Services PMI at 54.1: The expansion in December signals continued consumer demand, though rising input costs at 64.4 highlight persistent inflationary pressures. This complicates the Fed’s balancing act between growth and price stability.
🌐 International Markets: Diverging Paths
Canada 🇨🇦
Unemployment Drops to 6.7%: December saw 91K new jobs, with full-time employment surging. While a bright spot, weakening PMIs hint at softening growth, creating a tough landscape for the Bank of Canada as it eyes rate adjustments.
Services PMI Contracts to 48.2: Postal strikes and subdued demand led to the first contraction in two months. Export business took the biggest hit, signaling global headwinds for the Canadian economy.
Europe 🇪🇺
Inflation Rises to 2.4%: December’s uptick, driven by energy prices, challenges the ECB’s rate-cut optimism despite stable core inflation at 2.7%. The ECB may need to navigate growth concerns more cautiously.
Retail Sales Barely Budge: November’s modest +0.1% MoM increase reflects weak consumer momentum, with Germany and Spain recording declines. Economic activity remains fragile heading into 2025.
Japan 🇯🇵
JGB Yields Hit 1.19%: The highest level since 2011, tracking U.S. Treasury yields. Speculation about the Bank of Japan’s rate hike timing remains, with concerns over weaker real wages adding to the uncertainty.
Yen Weakens to 158/USD: A widening U.S.-Japan rate differential pressures the currency, raising risks of intervention by Japanese authorities.
🌏 Emerging Markets: Recovery and Risks
China 🇨🇳
Services PMI Climbs to 52.2: December’s improvement signals a boost from domestic demand, but persistent deflationary pressures—CPI at 0.1% YoY—cast a shadow over recovery efforts.
Producer Prices Down 2.3% YoY: Factory gate deflation extends to 27 months, emphasizing sluggish global demand and prompting continued government stimulus.
India 🇮🇳
GDP Growth Slows to 6.4%: A weaker fiscal year projection reflects slowing private investment and manufacturing output. Nonetheless, exports grew 5.9%, offering a silver lining for policymakers.
South Korea 🇰🇷
Muted Data Release: No major updates this week, but broader concerns over global tech demand could impact Korea’s semiconductor-heavy economy in the months ahead.
Taiwan 🇹🇼
Inflation Rises to 2.1%: December’s acceleration reflects higher food and housing costs, adding pressure on consumer wallets. However, subdued global demand continues to weigh on Taiwan’s export-driven economy.
🔑 Key Takeaway
This week's data underscores the delicate balance between economic resilience and market risks in 2025, while highlighting the complexities behind seemingly simple metrics. Strong U.S. job growth (+256K) and a resilient services sector (PMI 54.1) drove Treasury yields higher, reflecting inflationary pressures that keep the Fed cautious. Meanwhile, Europe’s inflation ticked up to 2.4%, complicating the ECB’s path toward rate cuts as growth signals weaken. In China, services PMI improved to 52.2, but persistent deflationary risks (CPI 0.1%) continue to weigh on recovery efforts.
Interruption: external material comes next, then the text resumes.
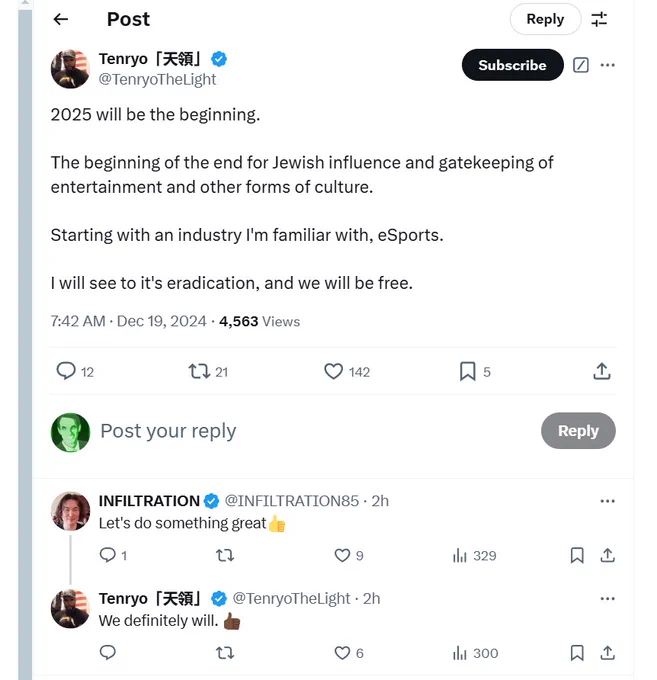 a screenshot of tenryo saying something antisemitic and infiltration agreeing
Damodaran’s insights on data interpretation provide a crucial lens here: while headline numbers like job gains or inflation shifts dominate attention, understanding the biases and variability in these figures is essential. As the U.S.’s growing tech dominance (49% of global market cap) reshapes global markets, this week’s data reminds investors that regional contrasts and heightened uncertainty demand careful, nuanced analysis beyond surface-level metrics.